There seems to be a paradox in modern politics. Every election the technology for fact checking grows faster and easier, and yet it seems as if it also becomes easier for politicians to get away with lying. My suspicion is that this is because we've lost the mainstream media as the arbiter of truth.
Back in the day, it was the responsibility of the media to hold politicians accountable for their actions. This required investigative journalism, which was very expensive, but it was an investment that paid off. Major scoops, like Woodward and Bernstein's work on Watergate, was what differentiated newspapers and drew readers from the competition.
But two things changed that.
First, political operatives discovered that if they couldn't counter the message of a story, they could still attack the messenger. Accusations of bias became an effective technique for derailing any story.
Second, the advent of the internet fragmented the media market. Investigative journalism lost its status as the primary draw to news outlets, while remaining just as expensive.
Now that it had become both dangerous and unprofitable, mainstream news sources abandoned investigative journalism in favor of parrot journalism.
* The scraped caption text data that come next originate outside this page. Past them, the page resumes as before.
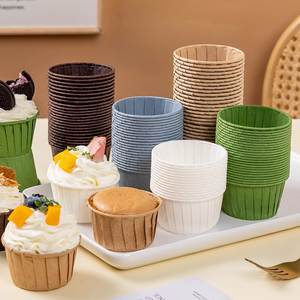 Moules à muffins en papier blanc de qualité alimentaire allant au four, mini moules à muffins faits <span class=keywords><strong>maison</strong></span>, tasses à muffins extra larges doublures à cupcakes - Product Image 6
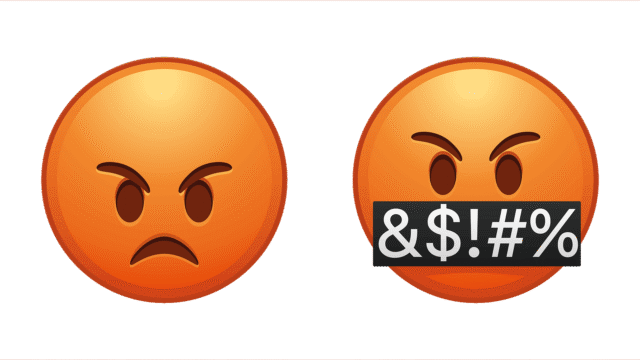 vredemoji1920x1080 To vrede emojis. Den ene med sort bjælke for munden.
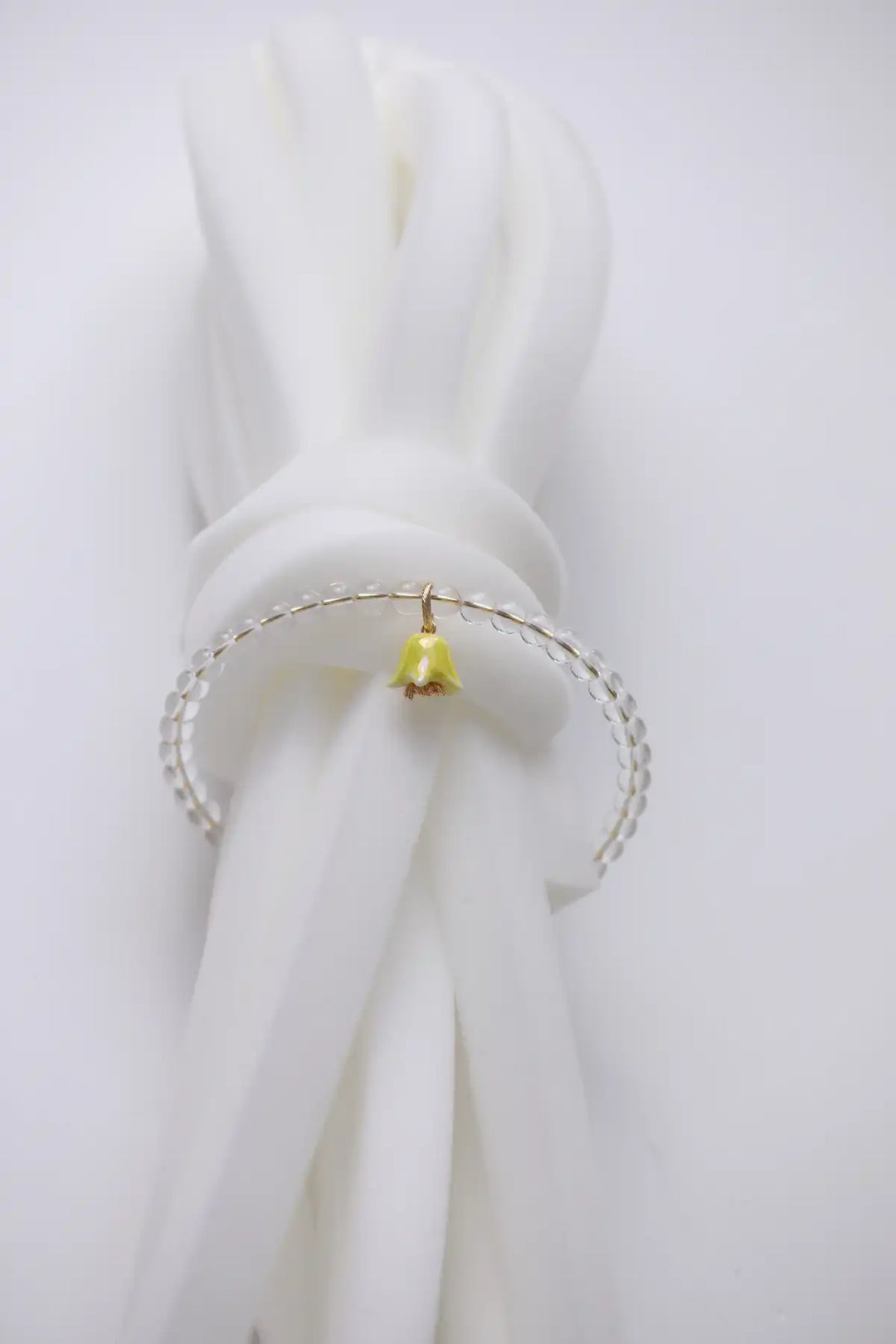 Polysk Necklace with Crystal and Small Yellow Bellflower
In the new paradigm, the news would simply repeat what other people said. Instead of investigating a quote, the media would simply "balance" it with a quote from someone else who disagreed. Since the media never made a judgment for themselves, they were off the hook for accusations of bias, and they could save the money they would have spent on investigating.
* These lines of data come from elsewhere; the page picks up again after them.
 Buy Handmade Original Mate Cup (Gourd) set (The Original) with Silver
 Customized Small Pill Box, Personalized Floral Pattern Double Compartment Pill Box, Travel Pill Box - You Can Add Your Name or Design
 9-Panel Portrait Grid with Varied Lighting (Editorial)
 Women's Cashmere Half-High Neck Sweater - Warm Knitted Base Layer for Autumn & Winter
Unfortunately, this new paradigm required the media to base its reporting on a fundamentally false premise: that being unbiased and remaining neutral are equivalent.
The premise holds true for matters of opinion. When two politicians disagree on values or political philosophy, it is appropriate for the media to demonstrate lack of bias by remaining neutral.
However, in matters of fact, neutrality becomes a form of bias. When two politicians disagree on a fact, there are only two possible explanations: either one is right and one is wrong, or both are wrong. Whatever the explanation, to remain neutral the media must portray both politicians as being equivalent. But if one of them is right and the other is wrong, the media can only accomplish this by pulling down whoever is right and lifting up whoever is wrong. In effect, the media is showing bias towards whoever is wrong.
The unintended consequences of playing it safe is the we have created a media that is not biased towards the left or the right, but is instead biased towards falsehood. In the process, they have made lying a viable political tool.